While entering industries historically dominated by white men, women, including members of racial and ethnic minorities, may need particular support. As a result, efforts to recruit students into STEM fields must broaden and start early. The statistics speak for themselves: 49% of scientific and engineering occupations in 2015 were held by white men. Furthermore, with only 22% of workers, the Asian, Black, or Hispanic communities were notably disadvantaged in similar industries.

Computer classes and practical science laboratories are often unavailable to students attending the nation’s worst secondary schools. It might be challenging for low-income students, especially those who live in rural areas, to complete homework assignments or do online research on STEM-related subjects.

How can educators assist underrepresented groups in making progress, given all the barriers that still exist in the mathematical and scientific fields? Start by using interactive projects and classroom exercises to illustrate how STEM subjects are used in real-world situations. One could include information about scholarships for STEM majors since money may be a barrier for underrepresented kids who desire to attend college.

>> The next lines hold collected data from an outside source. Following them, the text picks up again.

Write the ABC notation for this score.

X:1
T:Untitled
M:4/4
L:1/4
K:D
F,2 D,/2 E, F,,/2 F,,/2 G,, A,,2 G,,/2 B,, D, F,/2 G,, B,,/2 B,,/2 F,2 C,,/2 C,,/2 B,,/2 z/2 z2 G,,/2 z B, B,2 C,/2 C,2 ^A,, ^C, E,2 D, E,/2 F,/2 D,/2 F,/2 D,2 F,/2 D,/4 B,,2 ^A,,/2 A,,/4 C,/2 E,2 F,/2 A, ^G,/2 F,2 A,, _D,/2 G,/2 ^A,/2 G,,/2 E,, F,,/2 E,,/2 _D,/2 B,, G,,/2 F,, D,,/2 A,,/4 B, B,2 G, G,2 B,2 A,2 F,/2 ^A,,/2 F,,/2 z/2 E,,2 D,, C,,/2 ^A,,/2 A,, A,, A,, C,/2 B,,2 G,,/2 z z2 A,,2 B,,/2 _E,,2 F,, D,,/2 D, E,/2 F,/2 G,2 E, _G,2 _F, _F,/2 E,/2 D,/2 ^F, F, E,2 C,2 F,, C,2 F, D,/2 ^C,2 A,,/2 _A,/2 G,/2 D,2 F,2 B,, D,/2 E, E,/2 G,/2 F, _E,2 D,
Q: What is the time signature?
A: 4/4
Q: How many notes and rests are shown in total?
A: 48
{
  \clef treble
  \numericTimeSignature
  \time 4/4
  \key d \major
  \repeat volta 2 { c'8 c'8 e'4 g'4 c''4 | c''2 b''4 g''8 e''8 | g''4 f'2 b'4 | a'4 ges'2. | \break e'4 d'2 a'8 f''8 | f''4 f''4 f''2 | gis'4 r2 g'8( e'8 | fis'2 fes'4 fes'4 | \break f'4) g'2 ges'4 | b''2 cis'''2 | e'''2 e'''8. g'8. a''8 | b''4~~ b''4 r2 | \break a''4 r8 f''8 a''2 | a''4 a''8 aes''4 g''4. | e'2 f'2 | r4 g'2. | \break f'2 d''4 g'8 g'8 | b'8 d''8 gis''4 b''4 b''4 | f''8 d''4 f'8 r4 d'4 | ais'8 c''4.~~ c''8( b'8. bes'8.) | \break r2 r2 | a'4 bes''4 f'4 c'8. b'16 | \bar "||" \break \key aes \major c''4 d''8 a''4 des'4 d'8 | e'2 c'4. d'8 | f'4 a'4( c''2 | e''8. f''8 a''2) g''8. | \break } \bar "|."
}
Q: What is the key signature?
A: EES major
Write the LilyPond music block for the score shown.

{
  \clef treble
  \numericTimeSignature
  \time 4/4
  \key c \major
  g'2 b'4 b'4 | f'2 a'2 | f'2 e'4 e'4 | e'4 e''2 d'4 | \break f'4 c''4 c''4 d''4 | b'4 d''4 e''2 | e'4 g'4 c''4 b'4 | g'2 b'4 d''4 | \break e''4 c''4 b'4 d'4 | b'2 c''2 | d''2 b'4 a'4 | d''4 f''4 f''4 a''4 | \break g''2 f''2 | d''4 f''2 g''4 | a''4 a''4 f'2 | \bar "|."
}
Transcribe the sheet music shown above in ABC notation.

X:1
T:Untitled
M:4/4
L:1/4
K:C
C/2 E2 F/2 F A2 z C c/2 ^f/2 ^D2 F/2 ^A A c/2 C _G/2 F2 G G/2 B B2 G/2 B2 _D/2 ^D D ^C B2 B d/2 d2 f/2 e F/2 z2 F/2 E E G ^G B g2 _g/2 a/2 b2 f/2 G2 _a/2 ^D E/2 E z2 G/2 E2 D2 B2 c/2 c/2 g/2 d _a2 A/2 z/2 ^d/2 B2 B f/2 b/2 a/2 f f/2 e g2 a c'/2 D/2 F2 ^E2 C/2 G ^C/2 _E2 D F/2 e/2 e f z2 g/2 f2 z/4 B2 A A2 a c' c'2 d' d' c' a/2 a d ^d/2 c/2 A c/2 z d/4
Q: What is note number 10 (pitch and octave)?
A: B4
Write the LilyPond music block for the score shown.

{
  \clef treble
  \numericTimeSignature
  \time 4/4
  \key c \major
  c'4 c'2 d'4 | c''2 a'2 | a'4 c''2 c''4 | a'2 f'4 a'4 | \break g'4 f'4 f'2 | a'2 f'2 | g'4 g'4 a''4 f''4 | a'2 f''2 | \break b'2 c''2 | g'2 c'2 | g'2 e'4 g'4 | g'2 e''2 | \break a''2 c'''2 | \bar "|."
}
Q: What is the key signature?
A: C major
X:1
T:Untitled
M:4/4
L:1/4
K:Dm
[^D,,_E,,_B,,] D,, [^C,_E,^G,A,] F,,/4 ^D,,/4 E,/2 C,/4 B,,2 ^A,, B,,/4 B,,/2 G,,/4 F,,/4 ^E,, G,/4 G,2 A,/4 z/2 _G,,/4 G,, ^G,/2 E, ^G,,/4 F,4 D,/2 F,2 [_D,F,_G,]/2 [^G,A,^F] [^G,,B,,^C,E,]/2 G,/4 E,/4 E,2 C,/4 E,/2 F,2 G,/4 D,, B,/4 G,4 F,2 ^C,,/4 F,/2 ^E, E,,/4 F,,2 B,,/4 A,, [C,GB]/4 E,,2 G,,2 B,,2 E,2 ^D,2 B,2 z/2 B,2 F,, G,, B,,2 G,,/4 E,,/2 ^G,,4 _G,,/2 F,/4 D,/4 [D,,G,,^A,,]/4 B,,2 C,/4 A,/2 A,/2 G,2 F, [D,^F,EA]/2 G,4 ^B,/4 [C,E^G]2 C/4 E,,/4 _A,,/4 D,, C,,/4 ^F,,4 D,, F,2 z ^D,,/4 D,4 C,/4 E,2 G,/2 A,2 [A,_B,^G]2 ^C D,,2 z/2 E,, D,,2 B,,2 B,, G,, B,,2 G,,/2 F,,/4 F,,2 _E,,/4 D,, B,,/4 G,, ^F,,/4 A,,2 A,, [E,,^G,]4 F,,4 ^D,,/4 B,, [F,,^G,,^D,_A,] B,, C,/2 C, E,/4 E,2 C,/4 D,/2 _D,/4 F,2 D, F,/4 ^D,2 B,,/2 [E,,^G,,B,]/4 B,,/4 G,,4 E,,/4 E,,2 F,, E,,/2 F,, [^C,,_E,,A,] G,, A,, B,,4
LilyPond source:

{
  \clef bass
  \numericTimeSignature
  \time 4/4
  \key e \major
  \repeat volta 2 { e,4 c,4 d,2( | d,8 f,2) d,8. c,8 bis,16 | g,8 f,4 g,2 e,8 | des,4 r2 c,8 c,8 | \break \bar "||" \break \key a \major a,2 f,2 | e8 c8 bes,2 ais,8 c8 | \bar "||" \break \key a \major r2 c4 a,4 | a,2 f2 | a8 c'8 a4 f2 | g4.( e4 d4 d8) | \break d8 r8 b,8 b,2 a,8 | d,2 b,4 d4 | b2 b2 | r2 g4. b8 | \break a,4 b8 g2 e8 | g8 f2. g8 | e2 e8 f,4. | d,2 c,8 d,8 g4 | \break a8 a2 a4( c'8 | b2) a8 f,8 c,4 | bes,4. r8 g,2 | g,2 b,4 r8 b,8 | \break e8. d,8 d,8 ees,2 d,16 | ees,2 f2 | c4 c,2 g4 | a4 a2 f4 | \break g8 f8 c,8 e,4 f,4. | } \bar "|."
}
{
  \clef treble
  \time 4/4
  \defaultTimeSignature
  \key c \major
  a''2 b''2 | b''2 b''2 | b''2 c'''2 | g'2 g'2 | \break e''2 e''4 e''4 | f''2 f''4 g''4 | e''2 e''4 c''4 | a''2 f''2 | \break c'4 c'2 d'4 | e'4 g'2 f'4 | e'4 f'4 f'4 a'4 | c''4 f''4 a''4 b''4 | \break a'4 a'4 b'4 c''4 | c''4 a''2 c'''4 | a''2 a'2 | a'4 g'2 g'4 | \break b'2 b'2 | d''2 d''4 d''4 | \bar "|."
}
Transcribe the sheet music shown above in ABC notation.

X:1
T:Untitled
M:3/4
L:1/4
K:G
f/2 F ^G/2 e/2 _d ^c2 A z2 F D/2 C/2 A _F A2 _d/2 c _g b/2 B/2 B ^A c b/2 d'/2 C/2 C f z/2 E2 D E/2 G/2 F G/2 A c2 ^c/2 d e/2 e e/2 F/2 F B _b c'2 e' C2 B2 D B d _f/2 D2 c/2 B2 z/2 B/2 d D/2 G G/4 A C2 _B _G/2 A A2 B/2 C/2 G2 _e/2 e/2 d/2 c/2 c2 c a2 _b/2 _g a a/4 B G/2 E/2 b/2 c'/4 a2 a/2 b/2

Stem /Pop Culture Connection

Popular culture could also assist the development of STEM fields among underrepresented students. For example, showing movies, including 2019’s “See You Yesterday,” in class could help close the gap between minorities and STEM education. Two science-savvy Black youths who want to attend an Ivy League institution or spend their summer working vigorously on creating a time travel prototype are the heroes of the Netflix-produced movie.

Higher Learning Opportunities

Even though a STEM-based college education might result in plenty of job prospects in fascinating disciplines, minorities and other members of the underrepresented population may be unable to afford a degree. Studies show that STEM majors, including engineering and the physical sciences, cost about twice as much as business and library science majors. College costs are currently on the rise.

However, despite high tuition expenses across the U.S., there has been hope for minority and low-income students seeking educational opportunities. Teachers should motivate underprivileged kids to submit as many scholarship applications as possible. There are occasions when scholarships are only given to members of a specific category, including women, people of color, and even undocumented immigrants.

Numerous scholarships are available for minority students who want to major in computer science, technology, engineering, or mathematics. Instances include The Golden Door Scholarship or Great Minds in STEM.

There is no reason for STEM professions to lag, given that today’s workforce is more diverse than ever. Irrespective of their gender, religion, race, or socioeconomic status, teachers today have a responsibility to provide all of their students with the skills they need to succeed. The goal of CoderZ is to offer a tool that is affordable and accessible for teachers to use in their classrooms. This encourages more people to pursue STEM careers.

Why is diversity important in STEM fields?

A more diversified team will likely achieve better results than one more homogeneous. According to a study published in the Proceedings of the National Academy of Sciences, the homogeneous group has “significantly more competence” than the more diverse set. The authors of this study hypothesize that people from various backgrounds have varying experiences and views. As a result, they approach challenges in unique ways, pose novel questions, and come up with creative ideas. Being more open increases the likelihood of scientific success, fostering competitiveness or economic progress.


Diversity is the existence of variety within a community; no one person can be diverse. Different gender, race, ethnicity, nationality, sexual orientation, ability status, and other characteristics may contribute to this variation. The STEM field is still dominated by white men, whereas women and other racial and ethnic minorities tend to be overlooked in these forms of diversity. Because of this, 21k school’s goal is to offer a curriculum that is both economical and easy for teachers to use in the classroom, encouraging future STEM career searchers to be more diverse and inclusive.